The planned reforms to the law, which have not as yet been proposed in full, include providing for longer sentences where murder has been committed by a person with a history of coercive or controlling behaviour against the victim, with a history of coercive control being considered an aggravating factor; murderers using excessive violence to be given longer prison sentences; and a review into the manslaughter sentencing guidelines on ‘rough sex’.

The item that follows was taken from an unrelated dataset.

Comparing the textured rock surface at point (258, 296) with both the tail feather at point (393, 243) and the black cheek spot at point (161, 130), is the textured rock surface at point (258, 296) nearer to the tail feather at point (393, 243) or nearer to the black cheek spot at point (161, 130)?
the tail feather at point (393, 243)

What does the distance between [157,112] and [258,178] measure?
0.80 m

The changes have been instigated by the 17 recommendations set out in the independent review, which concludes that the current sentencing framework does not adequately reflect the fact that many domestic murders are preceded by years of abuse. Over half of the domestic homicide cases reviewed in the report involved controlling or coercive behaviour, while excessive violence, or overkill, was identified in 60 per cent of the cases, with men being the perpetrator in all but one case. The review defines the term ‘overkill’ as the use of excessive, gratuitous violence beyond that necessary to cause the victim’s death.
The independent review also recommends that where a murder takes place at the end of a relationship or when the victim has expressed a desire to leave the relationship this should be regarded as an aggravating factor; that overkill should be defined in law as a specific legal harm and should also be an aggravating factor in murder; and a comprehensive review of defences to murder should take place in the form of a public consultation.

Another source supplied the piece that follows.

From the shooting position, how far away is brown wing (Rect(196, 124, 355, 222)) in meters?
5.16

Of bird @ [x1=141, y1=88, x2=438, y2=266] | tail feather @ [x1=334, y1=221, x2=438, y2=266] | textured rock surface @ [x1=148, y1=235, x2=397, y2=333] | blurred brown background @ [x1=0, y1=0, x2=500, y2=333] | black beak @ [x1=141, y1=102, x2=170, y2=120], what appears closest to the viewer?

Following the finding in the review that the high risk of death that rough sex acts may present should be more adequately applied in the sentences relating to such offences, the government has asked the Sentencing Council to review the manslaughter sentencing guidelines to explain to judges that cases where deaths occur during rough sex should be punished with longer jail terms.

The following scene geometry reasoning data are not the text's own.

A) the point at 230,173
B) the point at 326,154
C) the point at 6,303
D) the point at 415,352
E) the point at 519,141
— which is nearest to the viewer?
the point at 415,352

The review into domestic homicide sentencing was commissioned in 2021, following the murders of Ellie Gould and Poppy Devey-Waterhouse by their former partners, to examine whether the sentencing framework should be reformed to better reflect the seriousness of domestic homicide and to identify possible areas for improvement, while ensuring that women who retaliate after years of mistreatment are not inadvertently punished with longer prison sentences than necessary.
The government’s full response to the independent review and a forthcoming consultation on the proposal to introduce a new 25-year starting point for domestic murders preceded by coercive or controlling behaviour are due to be published in the summer.
Commenting on the review’s findings, Deputy Prime Minister, Lord Chancellor and Secretary of State for Justice, Dominic Raab, said: “This government will do everything we can to protect vulnerable women, and keep in prison for longer those who attack or threaten them. The changes I am announcing today will mean longer jail sentences for those who kill women in the home, by taking greater account of the specific factors involved, whether it is controlling and coercive behaviour or cases involving particular savagery known as ‘overkill’.”